- About this task
What's wanted is each entry repeated verbatim, minus its images.

- Data to use
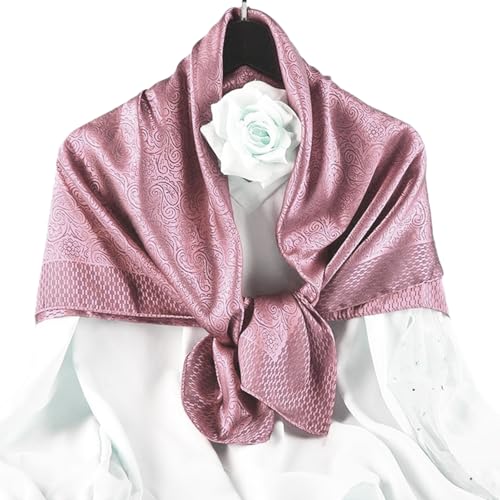 35” Satin Large Square Head Scarves-Like Silk Satin Scarf for Hair Wrapping at Night Bandana Square Scarf for Sleeping - color: Jacquard-purple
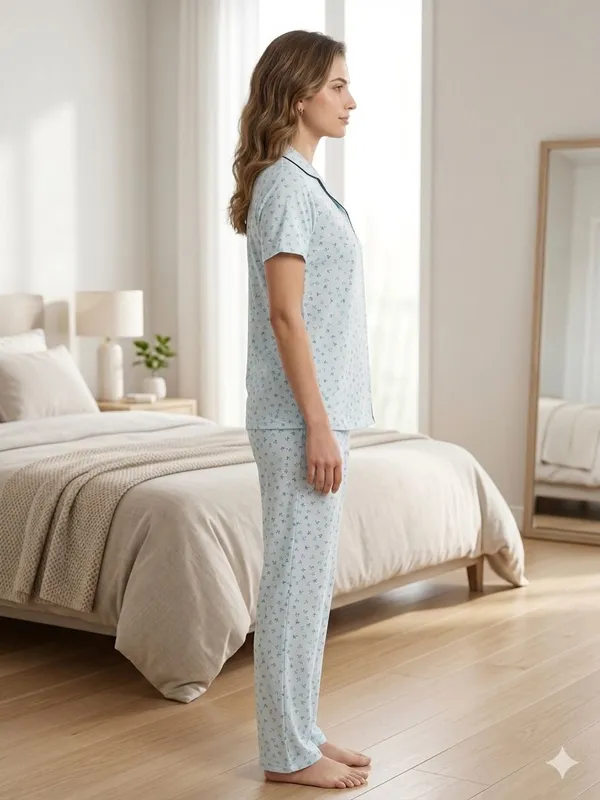 SKYBEN_Women_Printed_Sky_Blue_Shirt_And_Pyjama_set
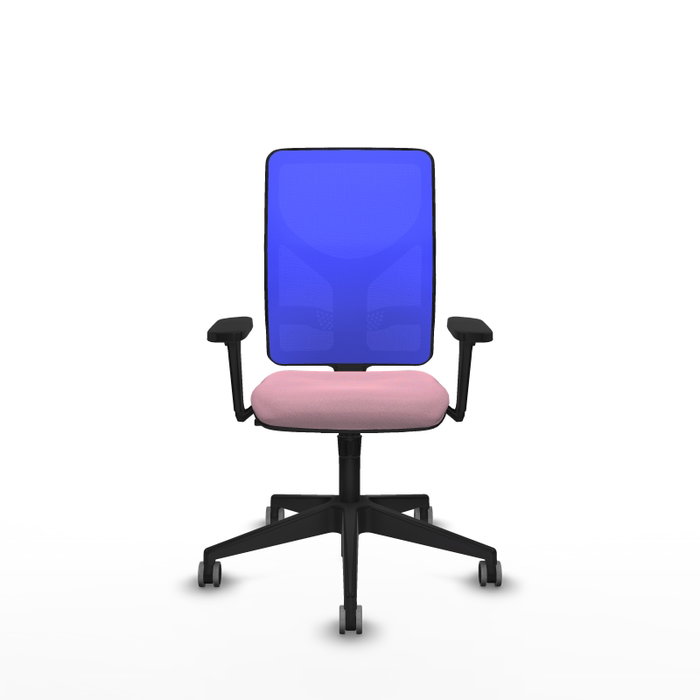 Chaise Motilla Synchro 3 positions tissu Rose Maille Bleu Base pyramidale noire Accoudoir 3D Sans appui-tête Roulettes 65mm pour moquette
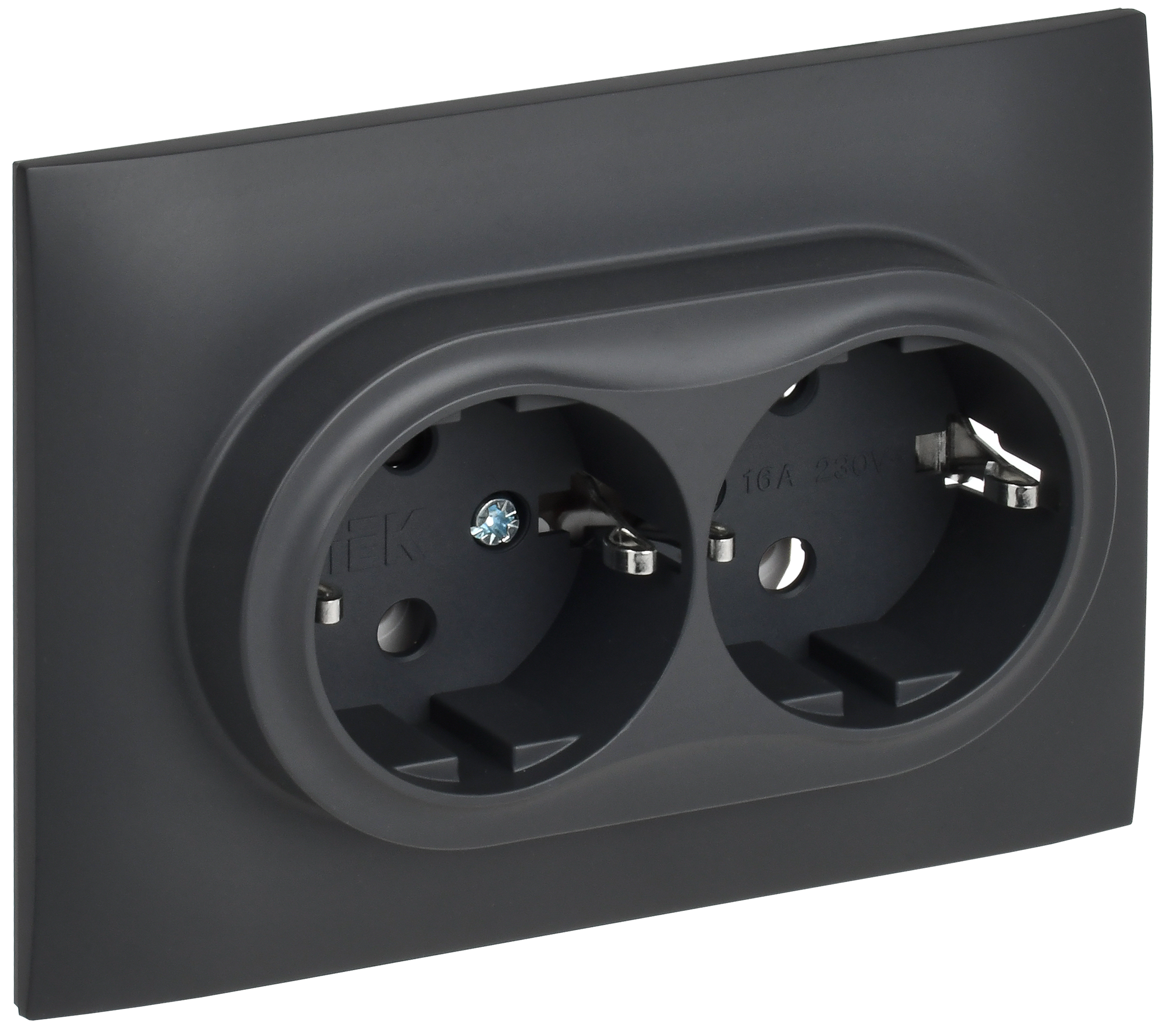 SKANDY Розетка 2-местная с заземлением без защитных шторок 16А в сборе SK-R08T титан IEK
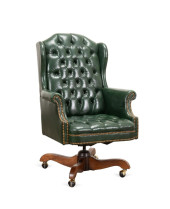 GREEN TUFTED LEATHER EXECUTIVE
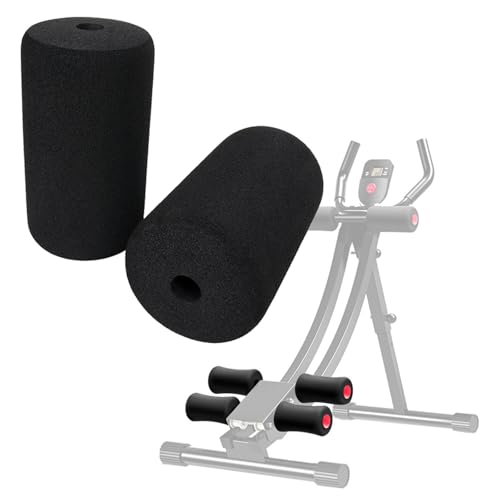 Black Foam Rollers para reemplazo para máquina de curl de piernas, 2 piezas de almohadillas para pie para equipo de gimnasio en casa y tablas de inversión, compatible con tubos de 22-25 mm miniatura 3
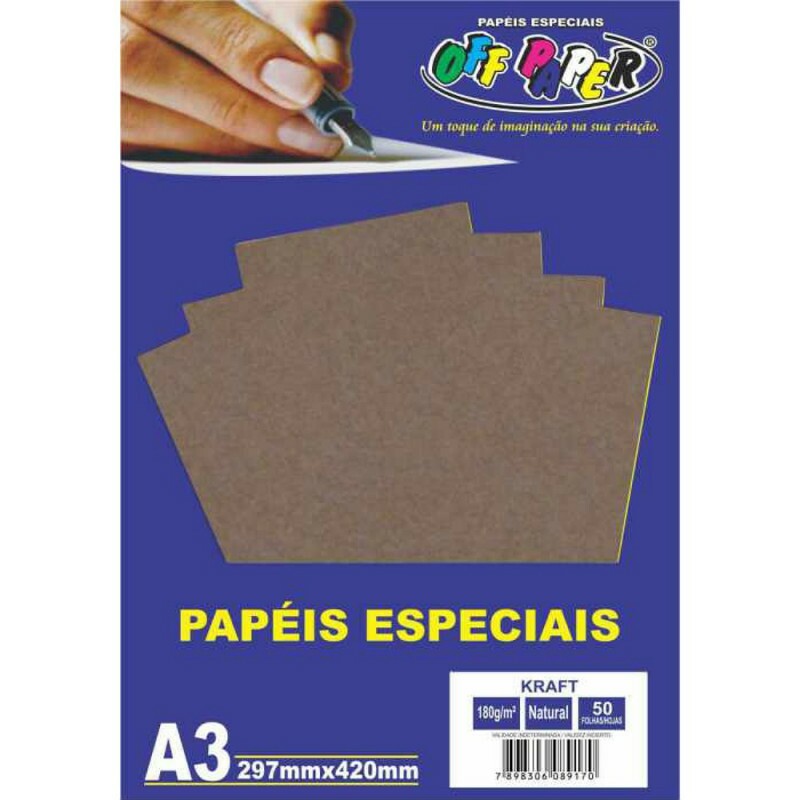 PAPEL KRAFT A3 NATURAL 180G 50FLS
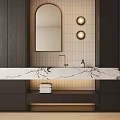 Modern Bathroom Vanity With Marble Countertop Mirror Wall Lights And Stacked Towels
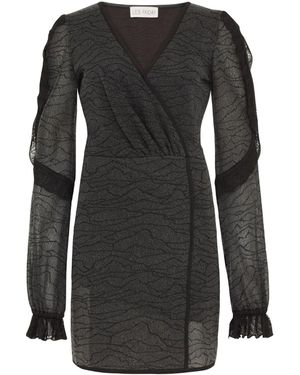 LES FRIDAY Alexis Ruffle Trim Mini Dress - Black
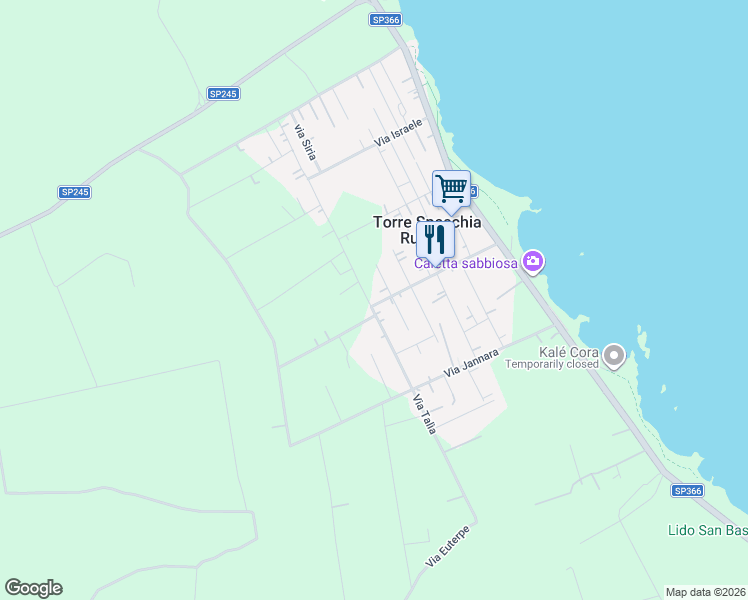 map of restaurants, bars, coffee shops, grocery stores, and more near 33 Via Nettuno in Torre Specchia Ruggeri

- Solution for this exercise
 35” Satin Large Square Head Scarves-Like Silk Satin Scarf for Hair Wrapping at Night Bandana Square Scarf for Sleeping - color: Jacquard-purple
 SKYBEN_Women_Printed_Sky_Blue_Shirt_And_Pyjama_set
 Chaise Motilla Synchro 3 positions tissu Rose Maille Bleu Base pyramidale noire Accoudoir 3D Sans appui-tête Roulettes 65mm pour moquette
 SKANDY Розетка 2-местная с заземлением без защитных шторок 16А в сборе SK-R08T титан IEK
 GREEN TUFTED LEATHER EXECUTIVE
 Black Foam Rollers para reemplazo para máquina de curl de piernas, 2 piezas de almohadillas para pie para equipo de gimnasio en casa y tablas de inversión, compatible con tubos de 22-25 mm miniatura 3
 PAPEL KRAFT A3 NATURAL 180G 50FLS
 Modern Bathroom Vanity With Marble Countertop Mirror Wall Lights And Stacked Towels
 LES FRIDAY Alexis Ruffle Trim Mini Dress - Black
 map of restaurants, bars, coffee shops, grocery stores, and more near 33 Via Nettuno in Torre Specchia Ruggeri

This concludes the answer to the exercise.